- **Exercise goal**
Records follow. Print exactly the lines from the one that has "Гриф для штанги" through the one that has "Wzorzyste Sneakersy Na", inclusive, and omit the pictures.

- **Records supplied**
---+---
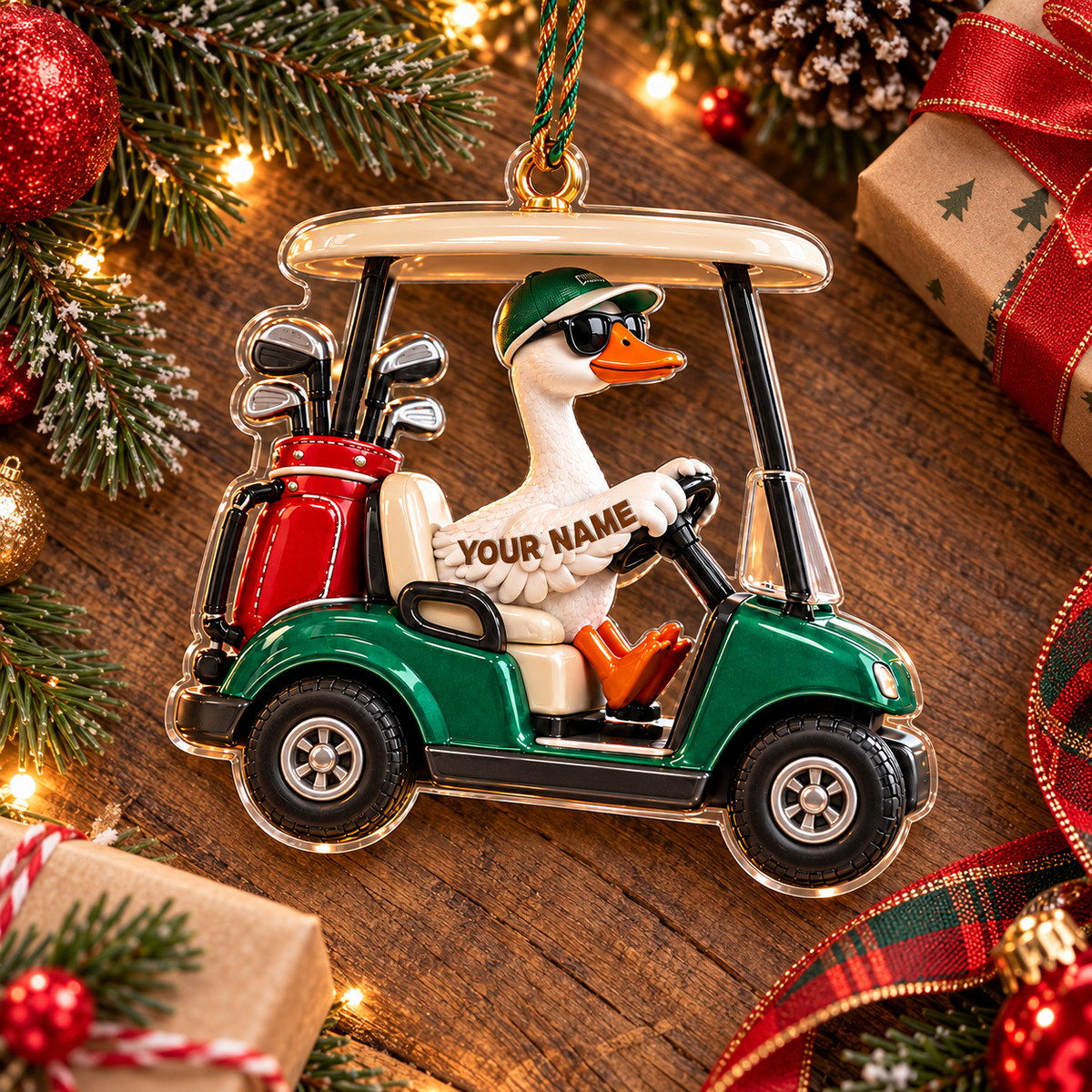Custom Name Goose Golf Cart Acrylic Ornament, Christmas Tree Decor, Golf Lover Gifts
---+---
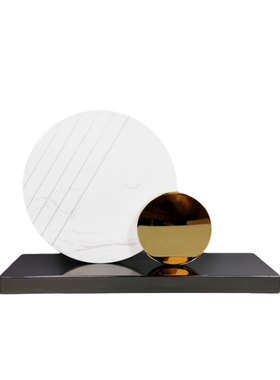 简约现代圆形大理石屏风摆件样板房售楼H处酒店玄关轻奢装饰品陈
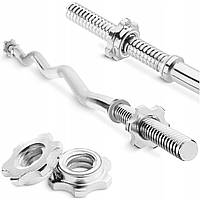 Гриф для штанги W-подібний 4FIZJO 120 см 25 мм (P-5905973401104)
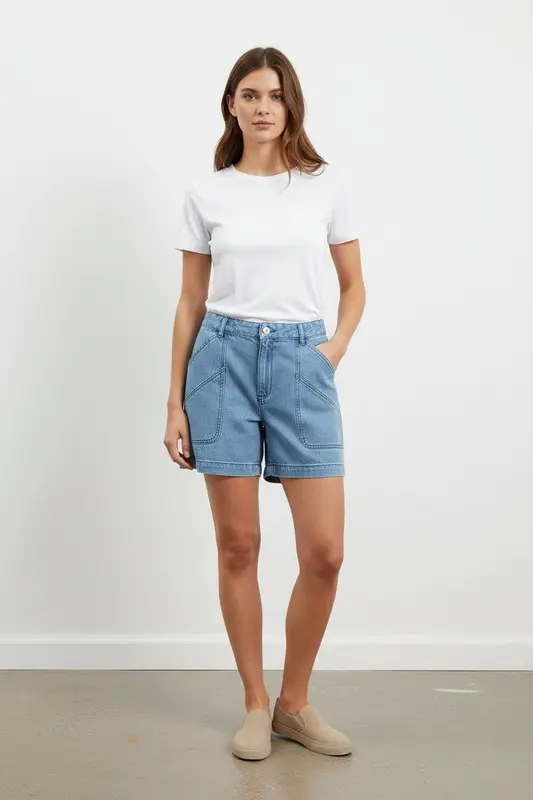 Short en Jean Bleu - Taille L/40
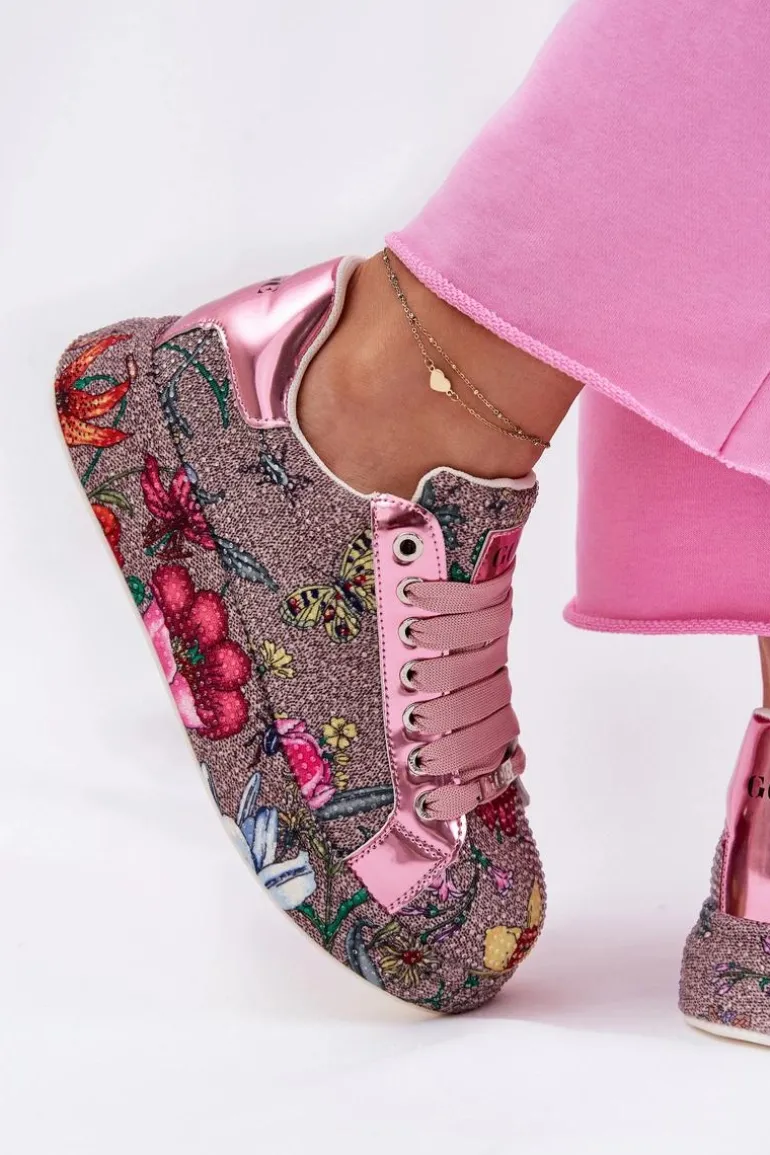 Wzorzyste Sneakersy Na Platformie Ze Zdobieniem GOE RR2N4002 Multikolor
---+---
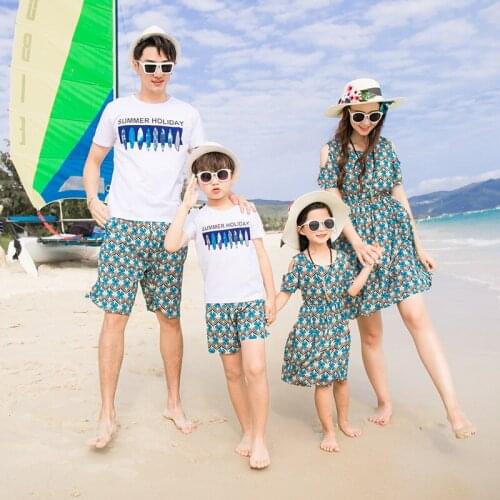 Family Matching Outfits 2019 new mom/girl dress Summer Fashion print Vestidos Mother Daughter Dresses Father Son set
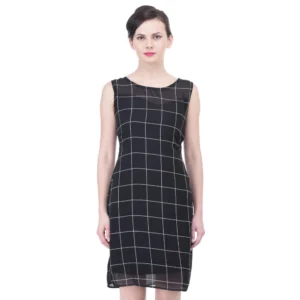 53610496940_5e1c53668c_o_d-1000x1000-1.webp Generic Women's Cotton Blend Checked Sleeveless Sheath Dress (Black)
---+---
- **Exercise answer**
 Гриф для штанги W-подібний 4FIZJO 120 см 25 мм (P-5905973401104)
 Short en Jean Bleu - Taille L/40
 Wzorzyste Sneakersy Na Platformie Ze Zdobieniem GOE RR2N4002 Multikolor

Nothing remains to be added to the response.